Consider the example of Paul Primak. Paul was an “Air Force brat.” He and his family never lived one place for more than a few years. Paul’s family moved to Lakeview in 1970 and a year later he graduated from Lakeview High School and left for college. He lived in Lakeview for a total of one year, yet it’s the place he calls home. I saw Paul in June when I was in Lakeview for the annual Daly Fund trustee meeting. Paul was in town to present a painting of four Canadian “Honker” geese to Lakeview High School. The painting was done by Paul’s 1971 fellow graduate, Jimmy Johnston. When I asked Paul about his connections to Lakeview, he said, “It’s the place I consider home; it’s where I made lifelong friends; it’s the place I go back to.”
Even people who don’t “live” in a place can form an emotional connection that lasts a lifetime.
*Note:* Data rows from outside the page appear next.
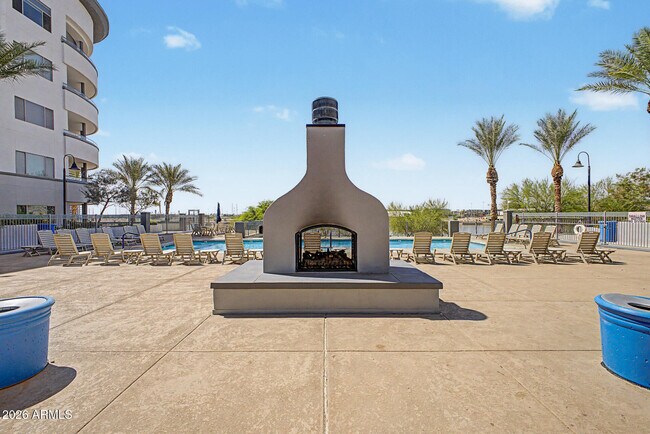 Building Photo - 945 E Playa Del Norte Dr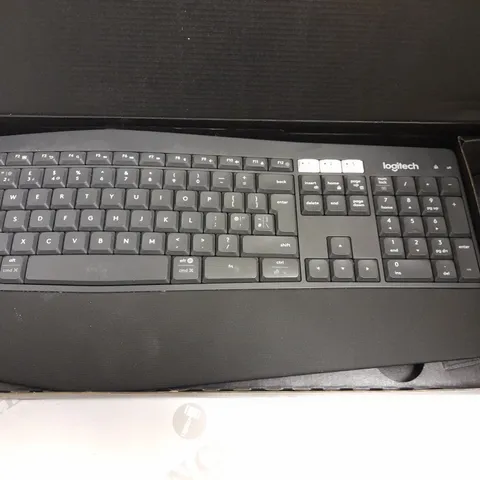 LOGITECH MK850 PERFORMANCE KEYBOARD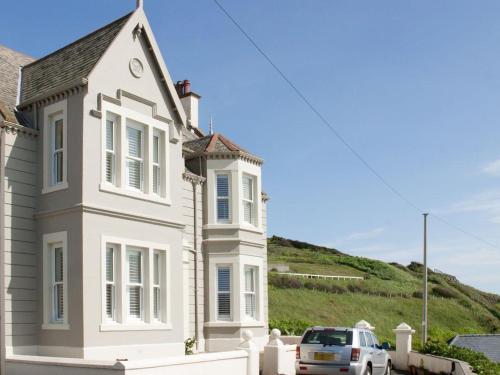 Southcliff House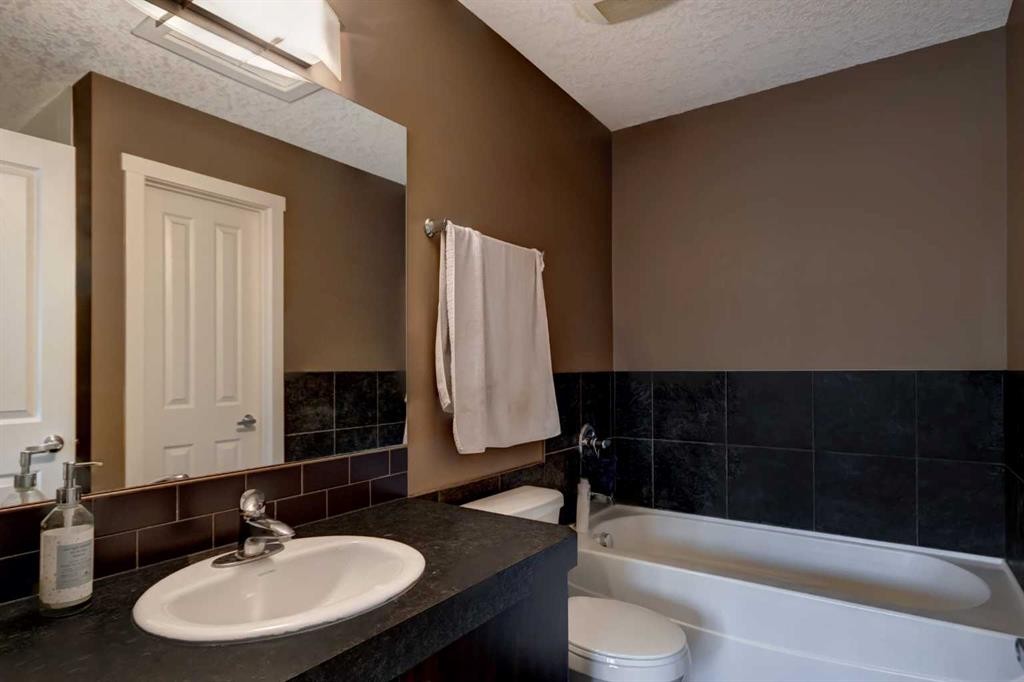 6 Elgin Meadows Road Se, Calgary, AB - Indoor Photo Showing Bathroom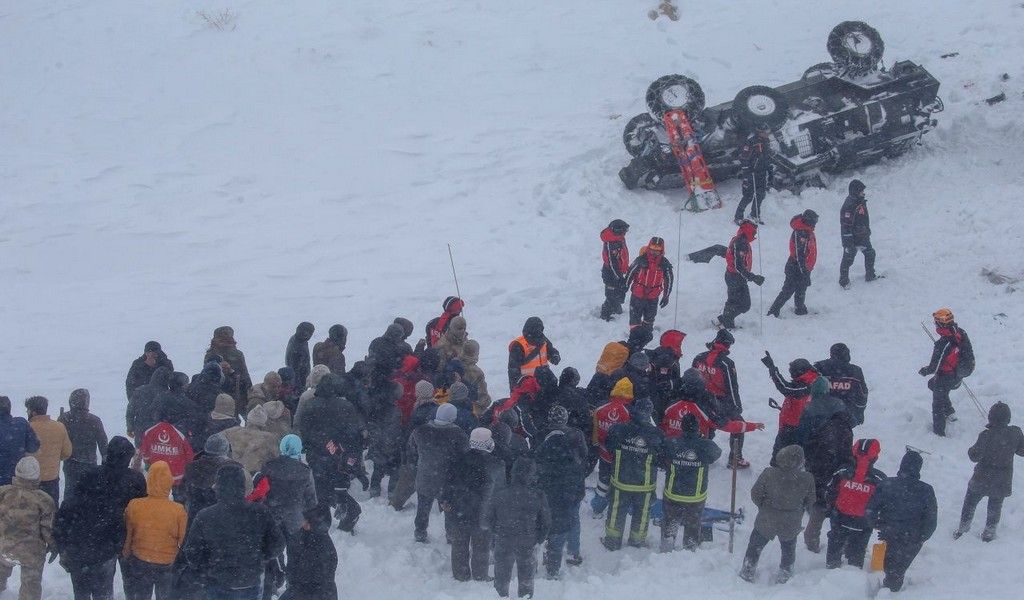 Fotoğraflarla büyük facia: Olayın dehşeti gözler önüne seriliyor 30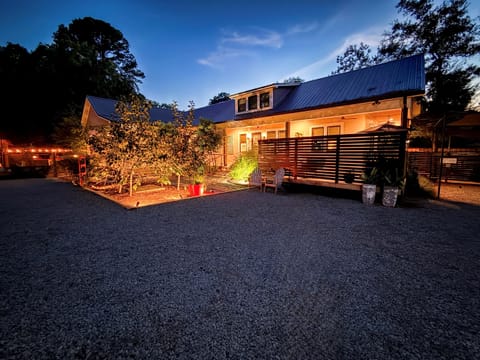 Welcome to Hope Cottages-By-The-Bay!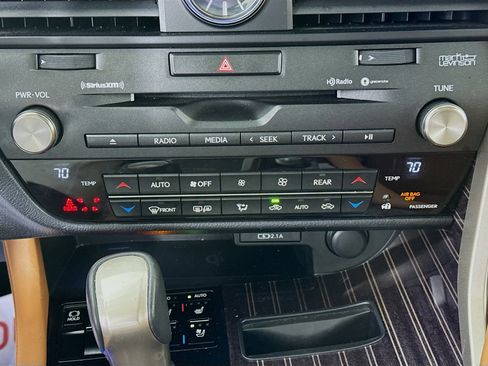 Used 2022 Lexus RX 450hL Luxury w/ Cold Area Package (CK) AWD/4WD image 16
In 1953, David Maxey was nineteen and had just finished his freshman year at Harvard when he went west to Plush, an unincorporated Lake County ranching community. David, who had grown up in Philadelphia, hoped to work on a hay crew for the summer. He ended up working on Con Lynch’s ranch along with Jim Lynch, who was a year younger and, like David, would go on to law school. I met David this summer in Philadelphia as I was starting my bike ride to Chicago. David told me about his great love for Lake County, specifically Plush and the Warner Valley. In describing his good fortune to have ended up working at the Lynch ranch, David wrote:
All that good fortune I place in memory under the banner of Plush. I push Plush’s boundaries outward to include the new world I discovered in Lake County, Oregon, the Lynch family, the Lynch ranch, mowing, raking, bunching, and stacking hay, wild life of all kinds that I hadn’t seen before, branding, fence- building, and the unforgettable members of the ranch crew I worked with, summer after summer, who accepted the “Kid from Back East,” even though my presence might continue to puzzle them.
Bernard Daly spent less than half of his life in Lake County, yet it’s the place he considered home. He loved Lake County. As he wrote in his will,
It is my desire to help, aid and assist worthy and ambitions young men and women of my beloved County of Lake…
You might be thinking that there’s something special about Lake County. There is, but there’s also specialness in places throughout the world. Psychologists report that our need for belonging is greater than the need for self-esteem. We want to be a part of a community, connected to a place. It’s part of why people root for the home sports team.
Like Bernard Daly, the basketball star, Lebron James, gave millions of dollars to fund college scholarships for the youth of Akron, Ohio. The students in the Lebron James program are known as “promise students,” a reminder of the promise that Lebron made to them and all the youth of his hometown, just as Bernard Daly did for his “hometown” a century ago.